Python regex question

Question

I'm having some problems figuring out a solution to this problem.

I want to read from a file on a per line basis and analyze whether that line has one of two characters (1 or 0). I then need to sum up the value of the line and also find the index value (location) of each of the "1" character instances.

so for example:

 1001

would result in:

line 1=(count:2, pos:[0,3])

I tried a lot of variations of something like this:

r=urllib.urlopen(remote-resouce)
list=[]
for line in lines:
    for m in re.finditer(r'1',line):
        list.append((m.start()))

I'm having two issues:

1) I thought that the best solution would be to iterate through each line and then use a regex finditer function. My issue here is that I keep failing to write a for loop that works. Despite my best efforts, I keep returning the results as one long list, rather than a multidimensional array of dictionaries.
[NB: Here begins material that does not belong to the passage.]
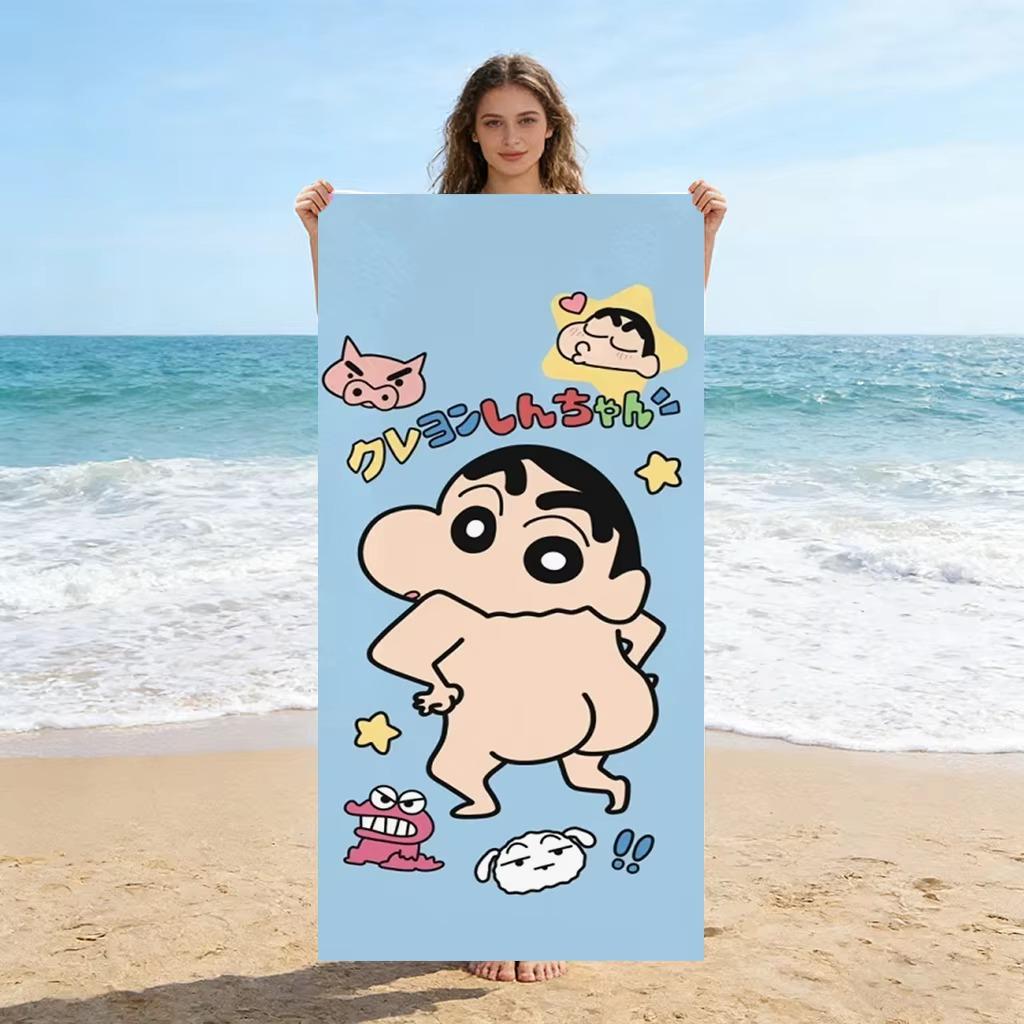 Shin-chan Japanese Animation Beach Towel Quick-drying Suitable for Yoga Gym Pool Beach Summer Funny Gift for Friends And Family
Is this approach the right one? If so, how do I write the correct for loop?

If not, what else should I try?

Answer 1

Perhaps do it without regex:

import urllib
url='http://stackoverflow.com/questions/5158168/python-regex-question/5158341'
f=urllib.urlopen(url)
for linenum,line in enumerate(f):
    print(line)
    locations=[pos for pos,char in enumerate(line) if char=='1']
    print('line {n}=(count:{c}, pos:{l})'.format(
        n=linenum,
        c=len(locations),
        l=locations
        ))

Answer 2

Unubtu's code works fine. I tested it on a sample file which also has all 0's for a particular line. Here is the complete code -

#! /usr/bin/python
  2 
  3 # Write a program to read a text file which has 1's and 0's on each line
  4 # For each line count the number of 1's and their position and print it
  5 
  6 import sys
  7 
  8 def countones(infile):
  9   f = open(infile,'r')
 10   for linenum, line in enumerate(f):
 11     locations = [pos for pos,char in enumerate(line) if char == '1']
 12     print('line {n}=(count:{c}, pos:{l})'.format(n=linenum,c=len(locations),l=    locations))
 13 
 14 
 15 def main():
 16   infile = './countones.txt'
 17   countones(infile)
 18 
 19 # Standard boilerplate to call the main() function to begin the program
 20 if __name__ == '__main__':
 21   main()


Input file -

1001
110001
111111
00001
010101
00000

Result -

line 0=(count:2, pos:[0, 3])
line 1=(count:3, pos:[0, 1, 5])
line 2=(count:6, pos:[0, 1, 2, 3, 4, 5])
line 3=(count:1, pos:[4])
line 4=(count:3, pos:[1, 3, 5])
line 5=(count:0, pos:[])

Answer 3

Using regexes here is probably a bad idea. You can see if a 1 or 0 is in a line of text with '0' in line or '1' in line, and you can get the count with line.count('1').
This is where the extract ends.